I’d like to think my creative process is a 50/50 mix of what I learned from philosophy at Pitzer and design at Shillington. My first step is summarizing the brief in my own words. Next, I write down four words that reflect the brief, and after that, about 20 words that relate to each of those four. Next, I circle the most visually appealing words, and from there, I come up with one or two strong concepts. Step two is making my concept visual by mood boarding, and sketching out ideas (even if I think some of them are really dumb). Philosophy has taught me to think abstractly and conceptualize almost anything, so developing the first step came easy to me. Shillington taught me to trust the process. No matter how hard I might want to go straight to the computer and skip writing down 80 words, I do it because I trust that it elicits the strongest concepts and designs.

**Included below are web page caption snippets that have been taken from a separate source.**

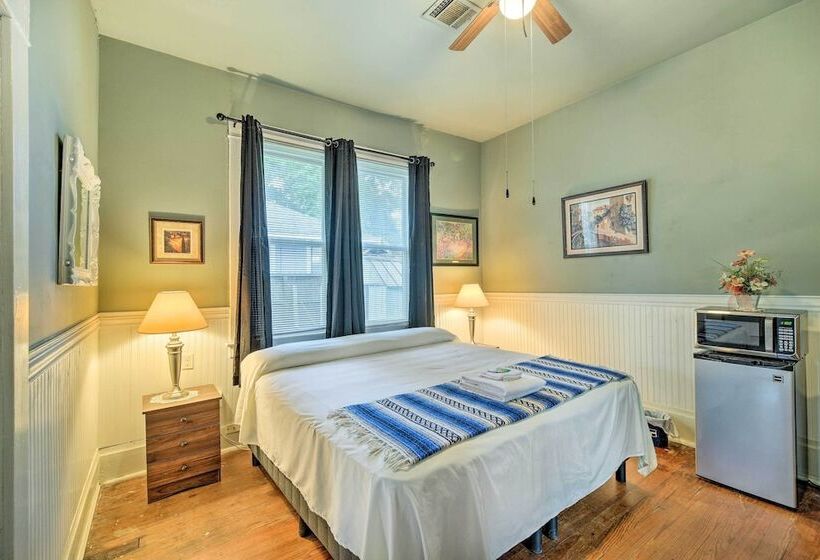 Pet Friendly Home W/ Yard: 3 Mi To Dtwn Houston!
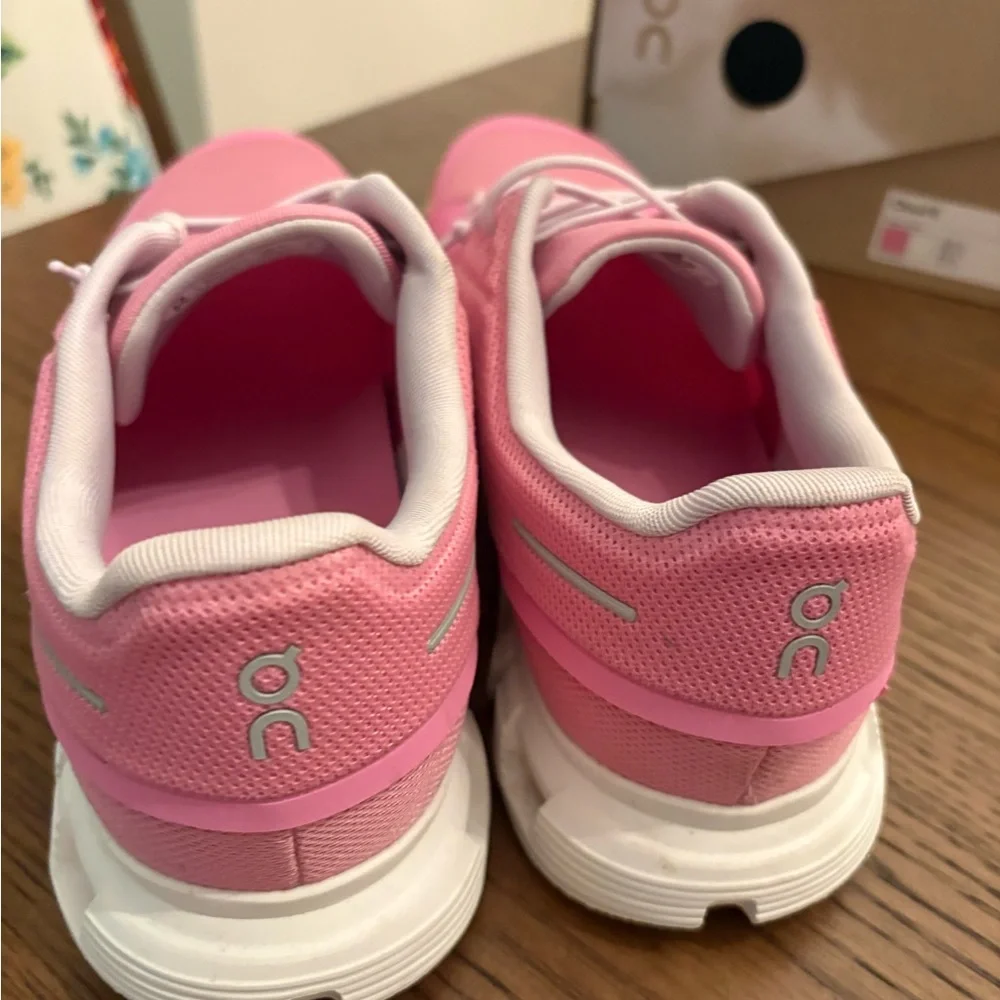 ON Women's Cloud 6 Pink (Raspberry) Athletic Shoes - Picture 3 of 6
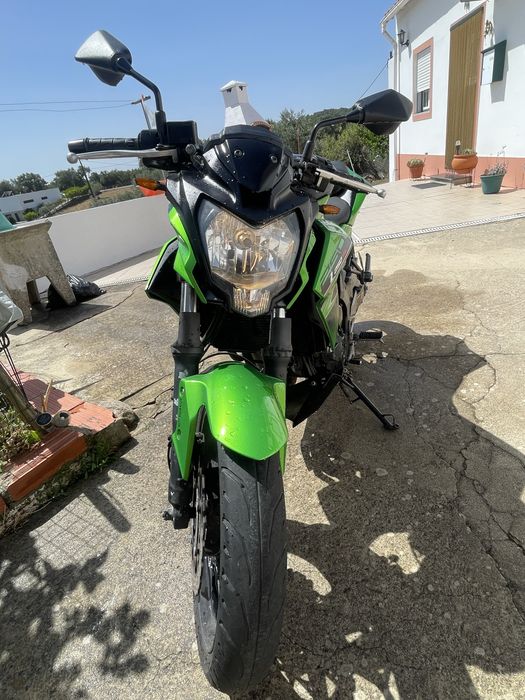 Kawazaki Z250sl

My best designs come when I have a pencil and a big notepad at a large empty table. There is something about having a sturdy notebook, my mood boards printed, and an open workspace that really gets my ideas flowing. I got an iPad because I heard it was the new thing that designers had to have but returned it after three days. Someone would have to pay me to do designs on that thing… But of course later in the process I use the normal softwares; Illustrator, Photoshop, Indesign, Sketch, and After Effects.
I work everyday at the Chandelier Penthouse in SoHo. The other creatives at Chandelier are young and energetic. My bosses and mentors are truly inspiring, and I have already learned so much from their years of experience. My routine changes daily, depending where we are in production, but you can usually find me creating campaign concepts or mocking up designs.
My first piece of advice is to build a stellar portfolio and send it to any and every studio you’d like to work for. My second piece of advice is to be professional, both in your portfolio and in your interviews, but don’t be afraid to let your personality show.
One long term goal is to become an animator. Right now I am taking a night class at Pratt Continuing Education. More long term than that, I want to circle back to what made me fall in love with design in the first place, and eventually run my own magazine.